I am by no means an expert in this matter although I had to research the question for a friend (Christian marrying a Muslim girl) and what I realised was that whereas the Dubai authorities have their own regulations which aren't that stringent, it was the specific nationality's home country rules that made life complicated. Some countries will actually carry out the wedding at the embassy but I believe that the UK consulate doesn't; you'd do well to contact them and find out. What I did find is some conflicting information (so what else is new) especially regarding to the need for one or both to the residents of Dubai. Do a Google search and you'll see what I mean.
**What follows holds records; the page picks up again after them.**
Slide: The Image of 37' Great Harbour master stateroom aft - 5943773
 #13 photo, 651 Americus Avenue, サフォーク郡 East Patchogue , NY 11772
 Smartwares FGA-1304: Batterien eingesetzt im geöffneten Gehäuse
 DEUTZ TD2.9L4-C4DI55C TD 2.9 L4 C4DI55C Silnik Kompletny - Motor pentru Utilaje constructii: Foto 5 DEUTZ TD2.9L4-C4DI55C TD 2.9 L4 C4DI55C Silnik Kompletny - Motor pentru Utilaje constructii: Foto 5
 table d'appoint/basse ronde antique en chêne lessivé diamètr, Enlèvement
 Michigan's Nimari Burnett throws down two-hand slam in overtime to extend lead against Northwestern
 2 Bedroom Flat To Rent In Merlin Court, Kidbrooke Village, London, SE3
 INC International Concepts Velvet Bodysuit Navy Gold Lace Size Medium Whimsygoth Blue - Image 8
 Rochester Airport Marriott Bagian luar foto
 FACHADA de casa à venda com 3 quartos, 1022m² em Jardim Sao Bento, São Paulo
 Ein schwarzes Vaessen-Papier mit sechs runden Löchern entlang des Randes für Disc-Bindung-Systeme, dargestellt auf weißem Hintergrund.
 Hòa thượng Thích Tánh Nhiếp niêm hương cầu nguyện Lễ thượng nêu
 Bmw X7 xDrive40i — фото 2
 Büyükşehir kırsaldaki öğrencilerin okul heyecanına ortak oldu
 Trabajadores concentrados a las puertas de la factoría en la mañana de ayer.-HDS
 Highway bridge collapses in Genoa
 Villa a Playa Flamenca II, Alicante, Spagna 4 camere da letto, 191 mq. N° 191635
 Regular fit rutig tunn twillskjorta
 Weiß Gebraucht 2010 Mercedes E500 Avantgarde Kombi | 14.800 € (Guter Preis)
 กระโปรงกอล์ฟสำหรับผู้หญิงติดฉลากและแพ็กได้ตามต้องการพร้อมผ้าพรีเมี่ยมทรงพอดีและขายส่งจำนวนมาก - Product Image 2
The most comprehensive advice seems to be on the US Consulate website http://dubai.usconsulate.gov/dubai/islamic_marriages2.html and their advice is to contact the Dubai courts on 04-334-7777 or www.dubaicourts.gov.ae

Have you considered having the wedding at a neutral location? I know some people went off for a romantic break to Cyprus for example and got married there and then had a big full blown religious wedding back home once they had time to organise it. For some reason the sites that advertise these services seem to be blocked from here however you can contact the Cyprus Tourism Office at the Al Ghurair Centre at [email protected]

Good luck!


----------



## stegzee

thank you for your reply, but i am also a british citizen and muslim marrying a kenyan muslim who lives and works in dubai, i know we definately need to have a muslim wedding but cant find out if i can marry with a visitor visa.

thank you so much though.

steve


----------



## remaaz

They don't allow locals to marry from expats on visit visa, but not sure about your case I think it would be worse.


----------



## ReggieDXB007

May I suggest you take a look at the following link on the FCO website? I think that it should answer most of your questions.

Marriage in the UAE

and

http://ukinuae.fco.gov.uk/resources/en/word/MarriageinDubai


----------